Perimeter firewalls like AWS WAF monitor ingress network traffic that occurs at the application layer of the OSI model in order to protect applications from a wide variety of threats. For example, AWS WAF can be used to detect and prevent distributed denial-of-service (DDoS) attacks, which typically attempt to flood applications with requests in order to exhaust underlying resources. AWS WAF can also be used to prevent web application attacks, which send malformed HTTP requests—like you might see in a SQL injection attack—in order to gain control of internal resources such as databases. In addition to attacks like these, threat actors often use bots to scan applications for vulnerabilities or disrupt performance by flooding them with traffic as part of a more sophisticated DDoS attack.

Rules and rule statements

AWS WAF manages all request traffic via individual rules, which process any incoming request against a pre-configured set of criteria, known as rule statements. Rule statements describe which request components—such as HTTP method, headers, cookies, URI path, and more—the firewall should inspect and how to evaluate them.

AWS WAF offers the following types of rule statements for evaluating request components:

  • Match rule: Inspects a request component for a specific match, such as geographic, string, or malicious SQL code
  • Logical rule: Enables you to combine rule statements based on AND, OR, and NOT logical statements
  • Rate-based rule: Detects rate-limit matched requests that are being generated at a significant rate
  • Rule group rule: Enables you to reference custom or managed rule groups in your statements

Depending on how a request matches this criteria, the rule will then execute either a terminating or non-terminating action on it.

Rule groups and web ACLs

You can apply a collection of rules directly to rule groups or web access control lists (web ACLs), both of which provide unique capabilities. Rule groups offer an additional organizational layer for a large collection of rules. You can create custom rule groups, or deploy managed rule groups from AWS or from third-party AWS Marketplace vendors. Managed rule groups, which are preconfigured and receive regular updates, are designed to support a wide variety of web applications, protect applications from well-known vulnerabilities and threats, and meet compliance requirements. For example, some AWS managed rule groups offer automatic threat detection for fraudulent activity, such as account creation and takeover.
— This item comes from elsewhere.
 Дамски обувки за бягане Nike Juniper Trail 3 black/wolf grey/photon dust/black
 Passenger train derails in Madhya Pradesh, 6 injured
In order to protect AWS resources from malicious traffic, you can deploy your rules and rule groups as part of a web ACL. Web ACLs are associated with specific AWS resources and deployed per region. When you use web ACLs, AWS WAF processes traffic in the order of your priority settings, which you are required to configure for each rule and rule group. As new requests are generated, AWS WAF evaluates them against all available rules and rule groups, starting with the lowest numeric priority and working up in ascending order until all rules are applied.
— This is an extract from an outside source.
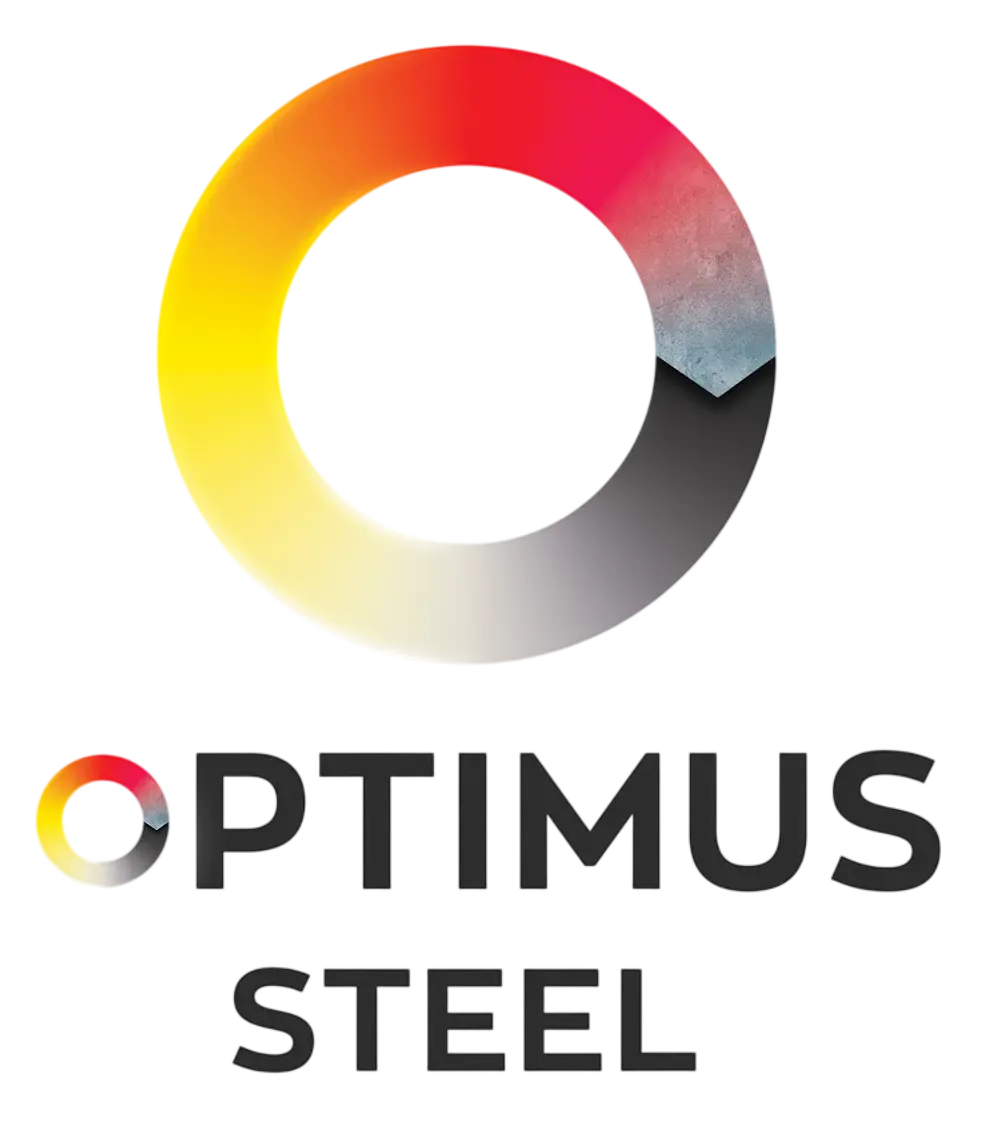Optimus Steel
The following diagram illustrates how you can organize a set of rules and rule groups as part of a single web ACL:

Diagram of AWS WAF web access control lists

In the case of the example web ACL shown in the diagram, AWS WAF will evaluate incoming requests in the following order:

  • Rule Group 1, Rule 1
  • Rule Group 2, Rule 2
  • Rule Group 2, Rule 1

Rule actions

You can configure rules to have terminating and/or non-terminating actions, depending on the nature of a request. When AWS WAF evaluates a request against a rule with a terminating action, it will not process any other rules within the web ACL. Non-terminating actions instruct AWS WAF to continue applying rules and rule groups, based on their priority settings. You can configure rules to either automatically allow or block a request (i.e., both terminating actions) or count a request (i.e., a non-terminating action). The count action instructs AWS WAF to capture request information and then continue applying the remaining rules until it either allows or blocks the request from traveling to an AWS resource. You can also add CAPTCHA or challenge actions to obtain additional verification that the request is not coming from a bot; these actions can be either terminating or non-terminating.

If a rule doesn’t include an action, the web ACL will apply either a default allow or block action, depending on your configuration. Blocked requests will typically see a 403 (Forbidden) response, though you can create custom responses to fit your use cases.

Labels

Each rule group generates labels and adds them to requests as it evaluates them. Labels provide additional details about a request based on the rule’s use case, and AWS WAF transforms that data into metrics, and records it in logs. We’ll look at how you can interpret these labels in logs in more detail later. It’s important to note that AWS WAF will only generate metrics for the first 100 labels on an evaluated request, regardless of whether or not the rule applied more than that number.

Now that we’ve looked at how AWS WAF manages web traffic and generates metric and log data, we’ll walk through which of these metrics are key for monitoring WAF configurations and performance.

Key AWS WAF metrics

AWS WAF generates metrics based on a web ACL and its rule groups, rules, and rule actions, in addition to any generated labels. For the sake of this post, we’ll classify non-label metrics as standard request metrics, CAPTCHAs and challenges metrics, and bot control metrics. The terminology we’ll use to describe these metrics refers to the categories from our Monitoring 101 series, which provides a framework for metric collection and alerting.

Standard request metrics

AWS WAF’s request metrics are based on a rule’s available actions. For example, when a web ACL allows an incoming request, AWS WAF will increment the appropriate metric. The following request metrics provide a high-level overview of WAF activity, which creates a solid starting point for understanding your configurations and how well they are managing traffic.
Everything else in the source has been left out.